Re: Slow DOWN, please!!!

From: david
Date: Thu May 01 2008 - 01:17:59 EST


On Thu, 1 May 2008, Al Viro wrote:

FWIW, after the last month's flamefests I decided to actually do something
about review density of code in the areas I'm theoretically responsible
for. Namely, do systematic review of core data structure handling (starting
with the place where most of the codepaths get into VFS - descriptor tables
and struct file), doing both blow-by-blow writeup on how that sort of things
is done and documentation of the life cycle/locking rules/assertions made
by code/etc. I made one bad mistake that held the things back for quite
a while - sending heads-up for one of the worse bugs found in process to
never-sufficiently-damned vendor-sec. The last time I'm doing that, TYVM...

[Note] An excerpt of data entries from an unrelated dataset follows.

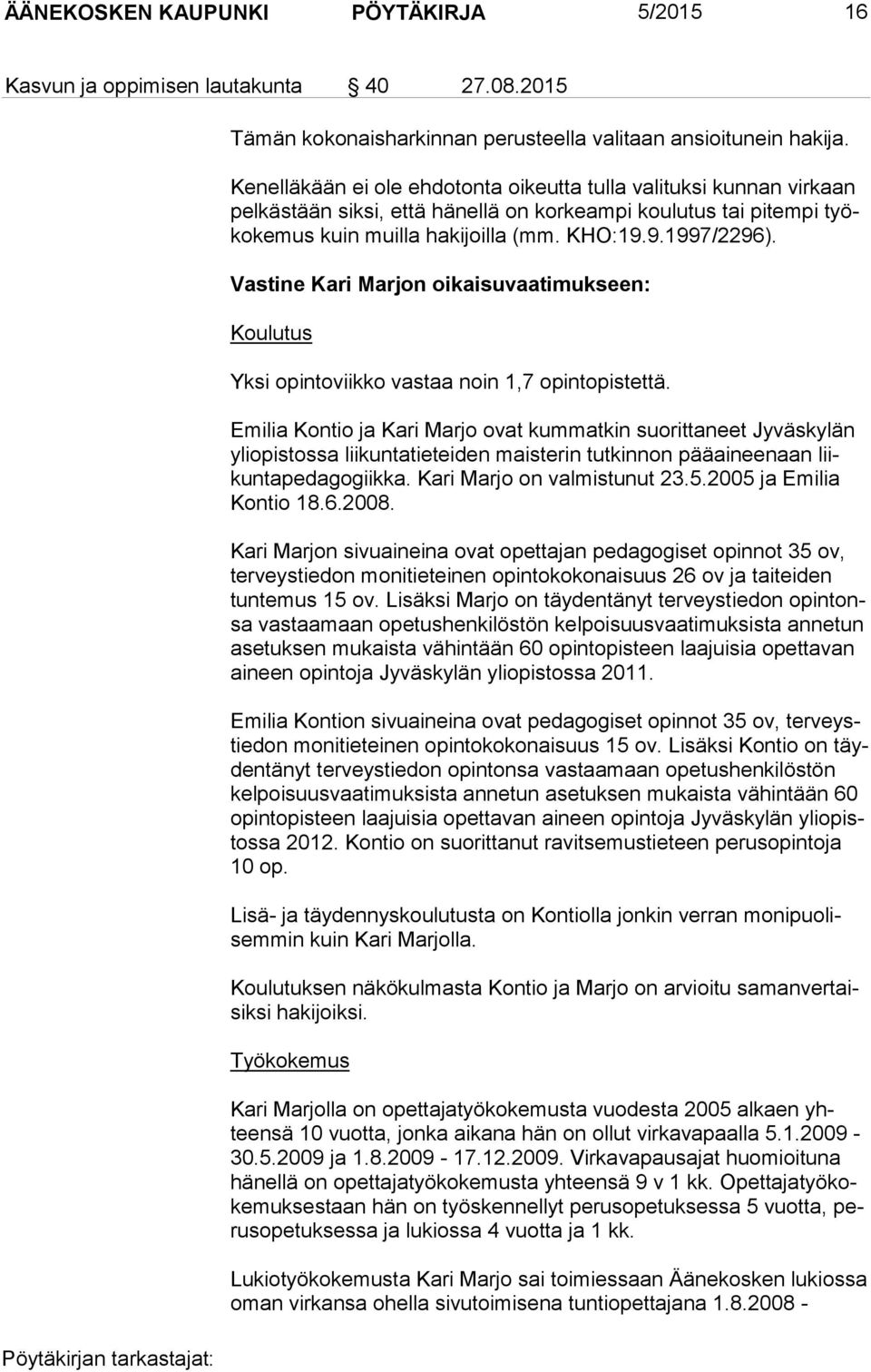 Vastine Kari Marjon oikaisuvaatimukseen: Koulutus Yksi opintoviikko vastaa noin 1,7 opintopistettä.
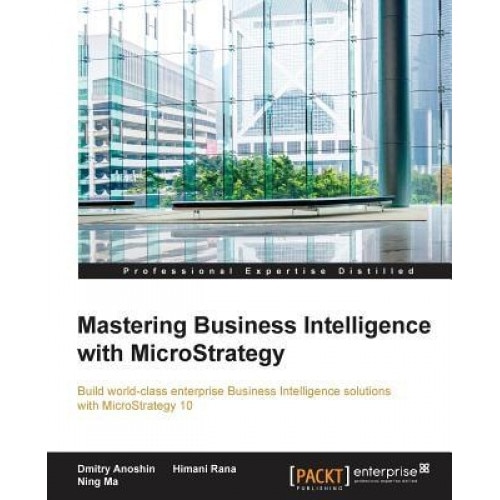 Mastering Business Intelligence with Microstrategy, Dmitry Anoshin (Author)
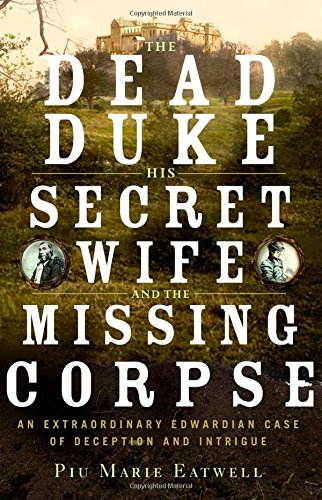 The Dead Duke, His Secret Wife, and the Missing Corpse: An Extraordinary Edwardian Case of Deception and Intrigue, by Piu Marie Eatwell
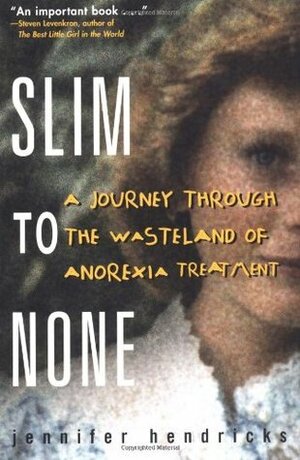 Slim to None: A Journey Through the Wasteland of Anorexia Treatment by Gordon Hendricks, Jennifer Hendricks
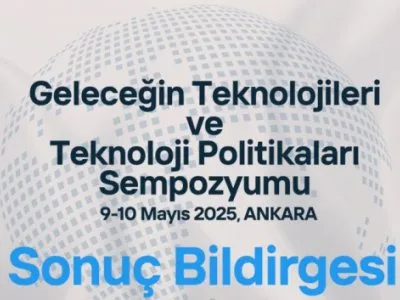 GELECEĞİN TEKNOLOJİLERİ VE TEKNOLOJİ POLİTİKALARI SEMPOZYUMU <B>SONUÇ</B> BİLDİRGESİ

Anyway, I'm going to get the notes on that stuff in order and put them in
the open. I really hope that other folks will join the fun afterwards.
The goal is to get a coherent braindump that would be sufficient for
people new to the area wanting to understand and review VFS-related code -
both in the tree and in new patches.

thank you, the lack of good documentation on the intent of the code has been a significant barrier for new people. it's (relativly) easy for a good programmer to look at the code and figure out how it does things, a bit harder to figure out what it does, but why it does it (and what it was actually _intended_ to do) is very hard to track down

files_struct/fdtable handling is mostly dealt with, struct file is only
partially done - unfortunately, struct file_lock has to be dealt with
before that and it's a (predictable) nightmare. On the other end of
things, fs_struct is not really started, vfsmount review is partially
done, dentry/superblock/inode not even touched.

Even with what little had been covered... well, let's just say that it
caught quite a few fun turds. With typical age around 3-4 years. And
VFS is not the messiest part of the tree...

it may not be the messiest part of the tree, but it's definantly one of the hardest to figure out the intent of.